Rise of Wrench Attacks
This California case is part of a worrying global trend known as wrench attacks, where criminals use physical violence, threats, or kidnapping to bypass digital security. Such incidents have surged sharply in recent years. In 2025, there were around 70 to 72 confirmed cases worldwide, with losses exceeding $40 million. Early 2026 has already seen 34 verified incidents in just four months, resulting in approximately $101 million in losses.
High-profile examples include a crypto trader reportedly robbed of $24 million in a violent physical attack involving abduction and threats. Another case in the UK involved a man and his wife being held at gunpoint while thieves stole Bitcoin worth millions after reviewing their CCTV footage. These attacks exploit the fact that even the strongest hardware wallets and multisig setups become useless once an attacker controls the victim physically. As Bitcoin and other assets hit new highs, the incentive for such crimes continues to grow.
Practical Steps Crypto Investors Should Take
- Layer Your Security Physically: Use multisig wallets with keys stored in separate, secure locations.
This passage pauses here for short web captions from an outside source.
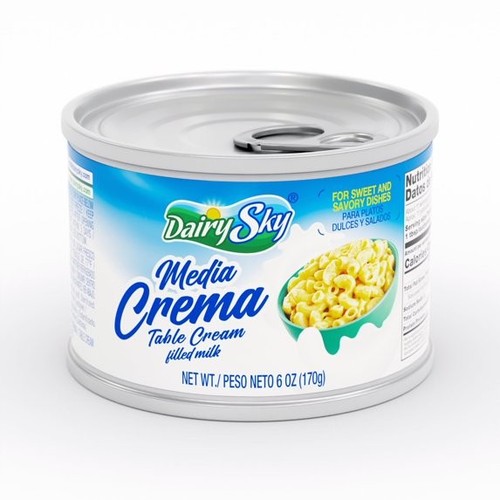 Crema tavola dairysky media - crema, da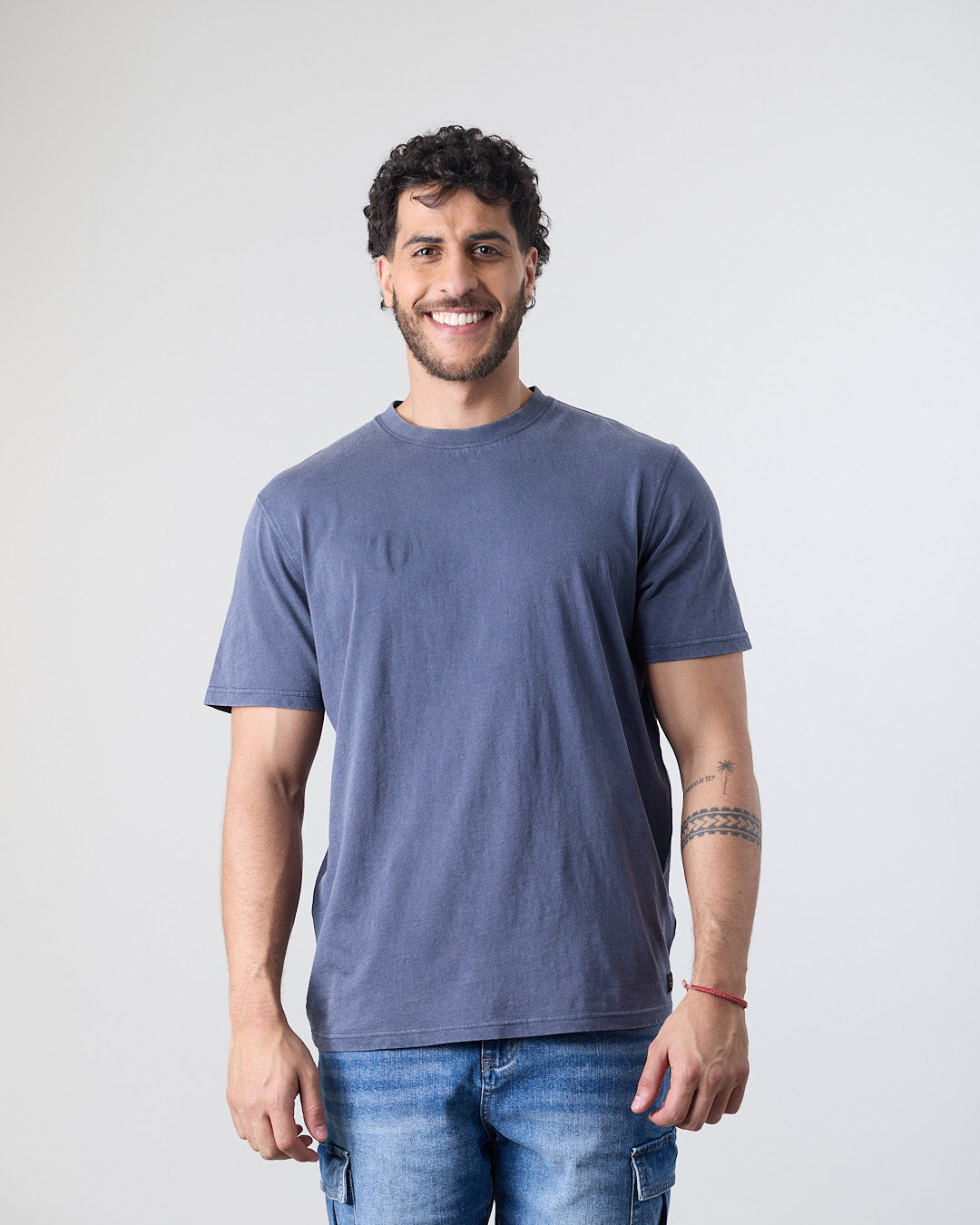 POLERA HOMBRE MANGA CORTA SOLID XV1776 POLEMIC - 1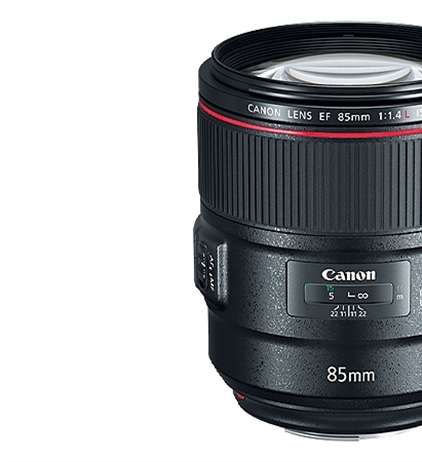 ePhotozine reviews the Canon 85mm 1.4L IS USM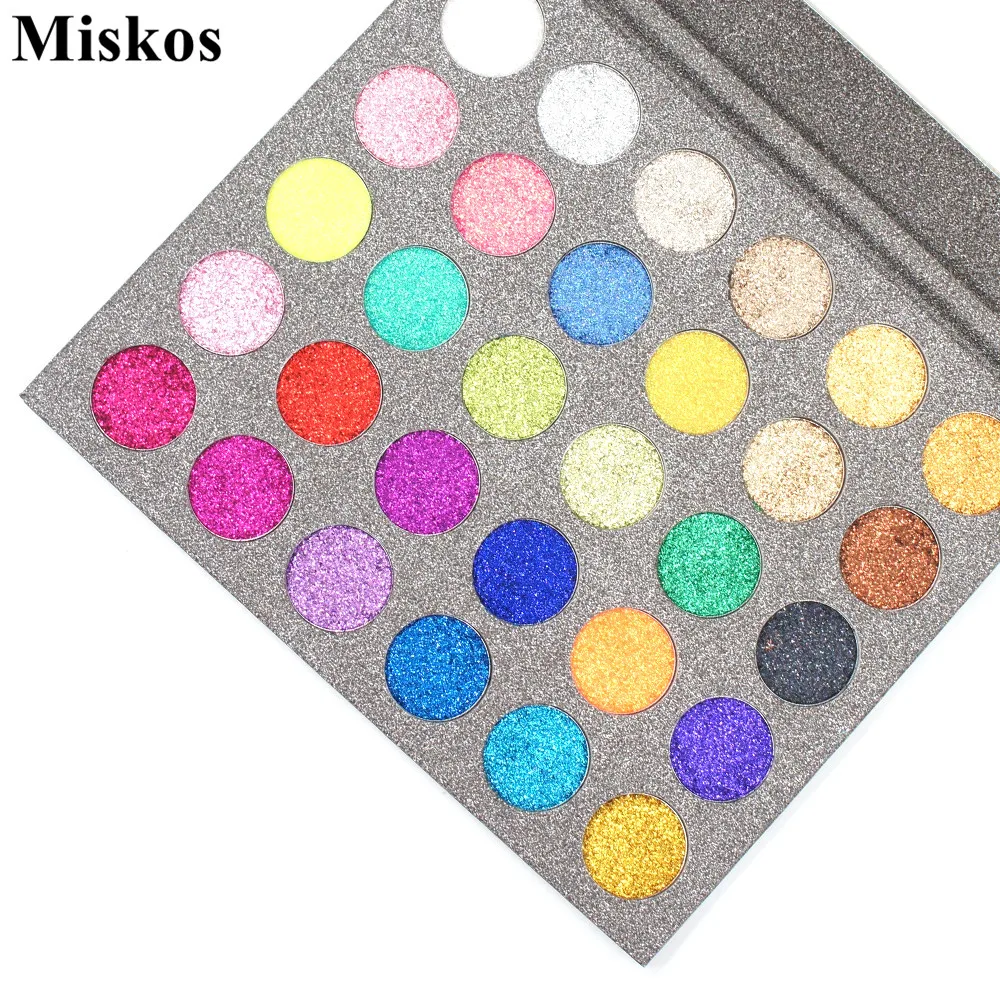 тени для глаз 30 Цвета Алмазный Блеск сорвала Тени век Фирменная Новинка нажатии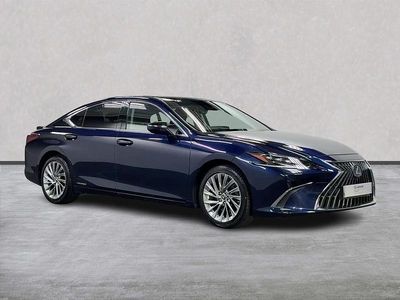 Used Lexus ES300H 2022 Blue Sedan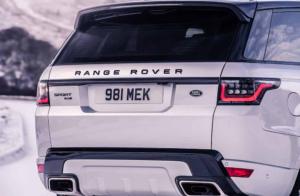 Range Rover Sport HST mit 48 Volt Mildhybridsystem - Mj 2019 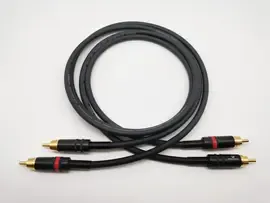 Коммутационный кабель ZZcable E36-2RCA-2RCA-0100-0 1 м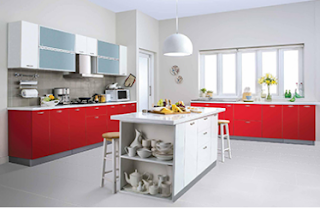 Modular Kitchen Furniture Showroom in Navi Mumbai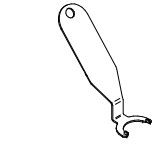 SALTO SP226009 Neoxx Padlock Assembly Tool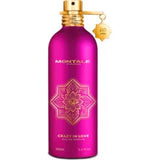 Montale Crazy in Love Parfum – Duft mit Wildrose, Safran und Vanille – zart, orientalisch und luxuriös.

Montale Crazy in Love Eau de Parfum – warmer, blumig-süßer Duft mit Amber und Zucker – feminin, elegant und modern.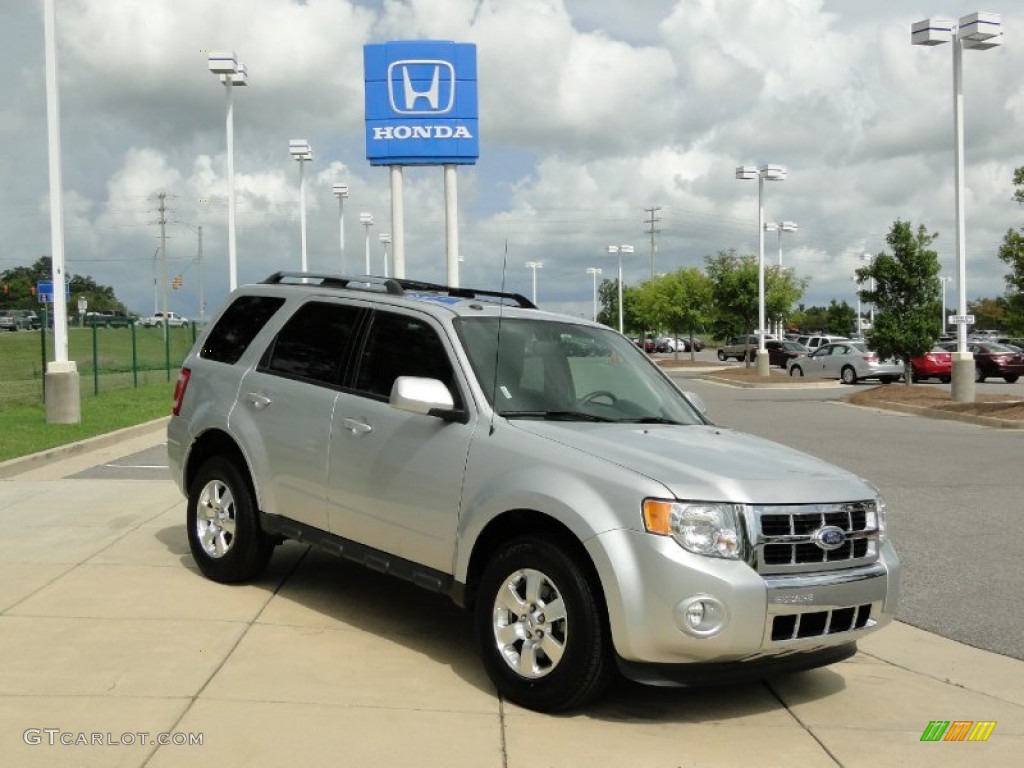 2011 Escape Limited V6 - Ingot Silver Metallic / Charcoal Black photo #2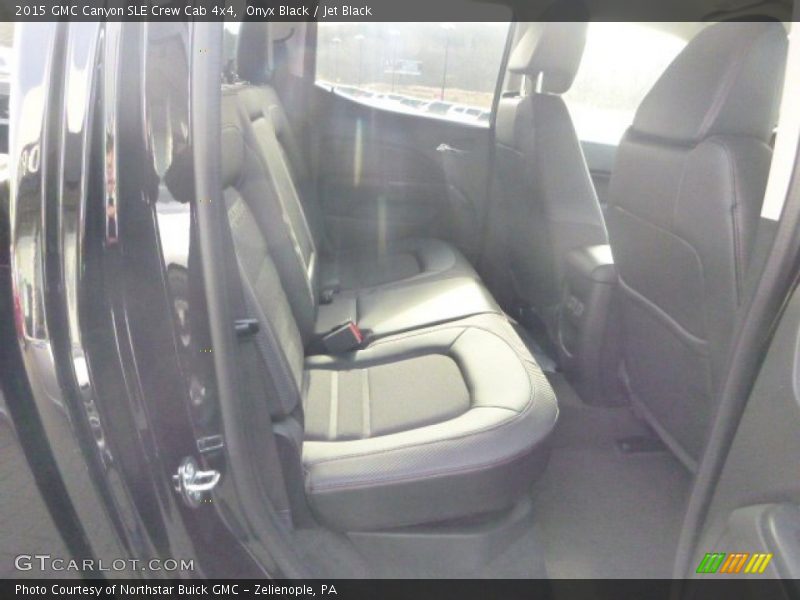 Onyx Black / Jet Black 2015 GMC Canyon SLE Crew Cab 4x4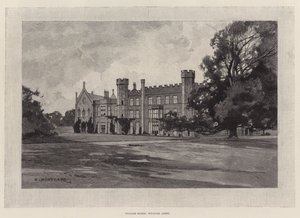 English Homes, Wycombe Abbey by Charles Auguste Loye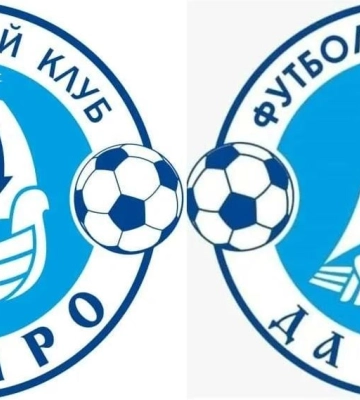 Російський футбольний клуб вкрав емблему українського &quot;Дніпра&quot;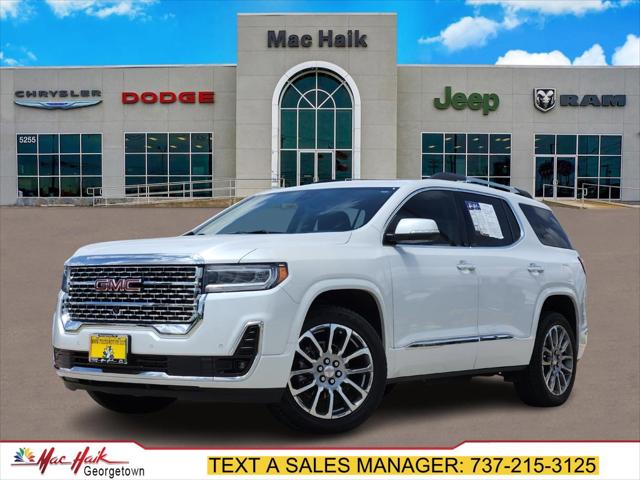 2023 GMC Acadia FWD Denali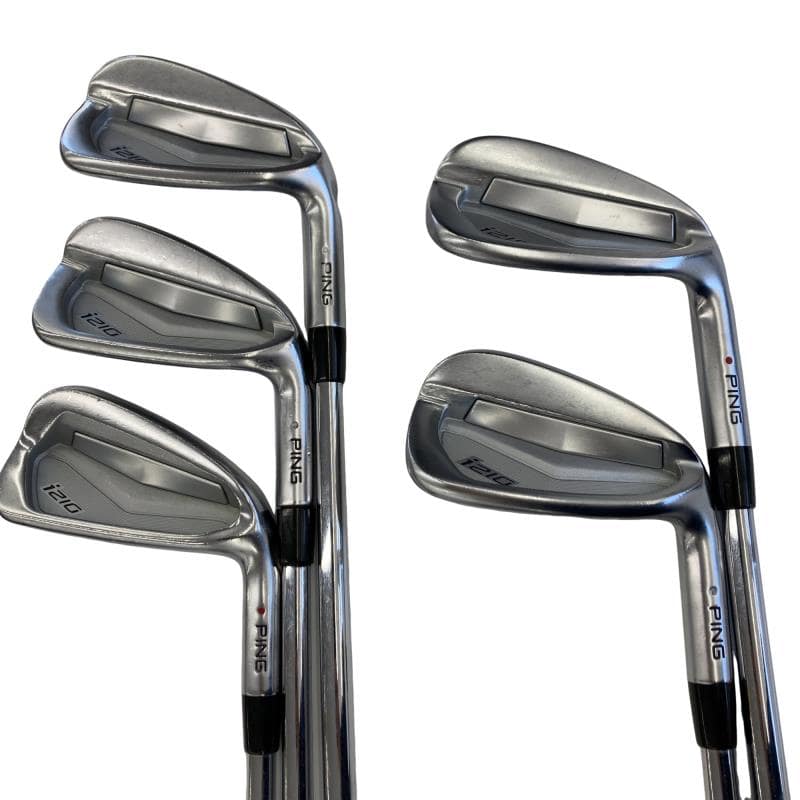 【中古】 ピン i210 6S アイアンセット IR NS PRO MODUS3 TOUR120 (フレックスS) メンズ 男性用 右利き 右用 Cランク ゴルフクラブ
Keep hardware wallets off-site or in hidden safes rather than easily accessible spots at home.
- Prepare for Duress Situations: Set up believable decoy wallets with smaller, realistic balances. Some hardware solutions offer trick PINs that open limited accounts while silently alerting contacts or authorities.
- Upgrade Home and Personal Opsec: Install video doorbells, reinforced entry points, window sensors, and monitored alarms with silent panic features. Always verify unexpected deliveries and avoid opening doors to strangers without confirmation.
- Control Visibility: Refrain from posting about crypto gains, luxury items, or daily routines on social media. Minimize linking your real-world identity to large on-chain holdings.
- Create an Emergency Protocol: Agree on a family duress code word and trusted contact system. High-net-worth holders may also explore specialized insurance covering physical crypto threats.